● WORK INSTRUCTION
Keep every word of the listing and drop the images when you write it out.

● EXERCISE DATA
........

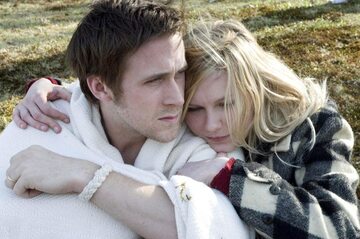Ryan Gosling i Kirsten Dunst w filmie "Wszystko, co dobre"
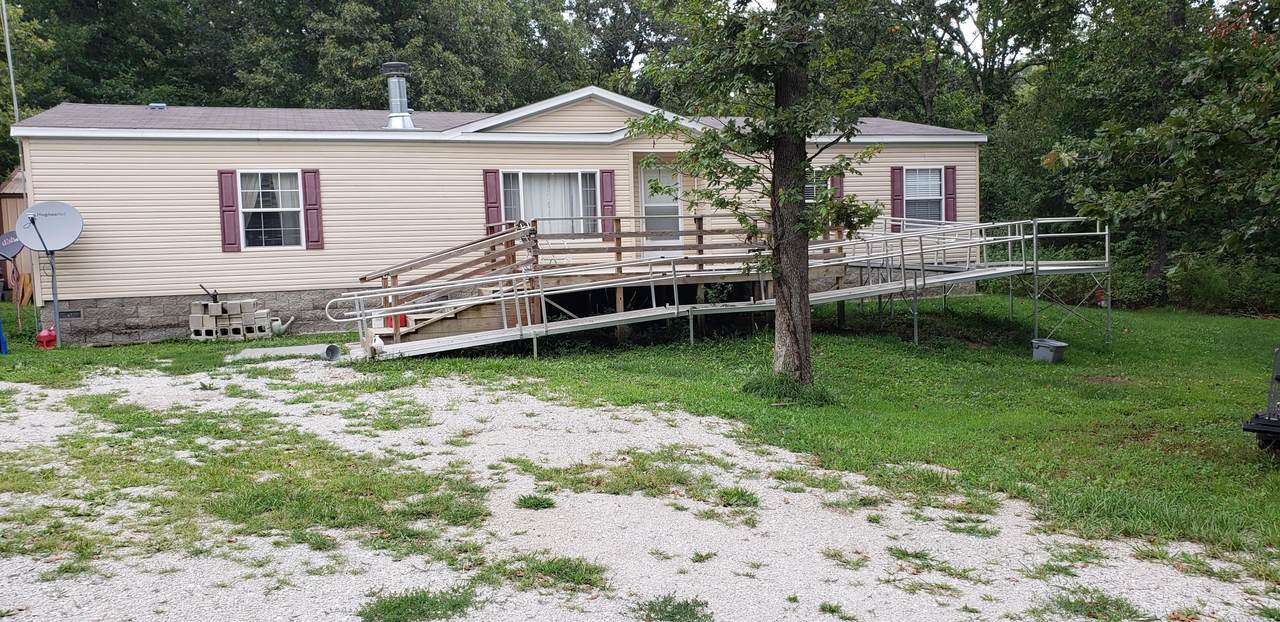 3195 726 Road - Photo 1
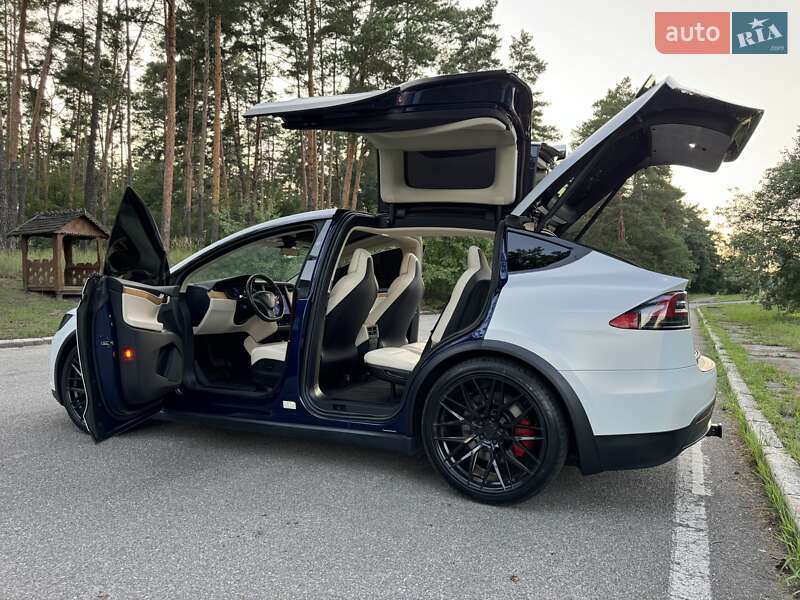 Позашляховик / Кросовер Tesla Model X 2018 в Києві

........

● OUTPUT FOR THIS EXERCISE
Ryan Gosling i Kirsten Dunst w filmie "Wszystko, co dobre"
 3195 726 Road - Photo 1
 Позашляховик / Кросовер Tesla Model X 2018 в Києві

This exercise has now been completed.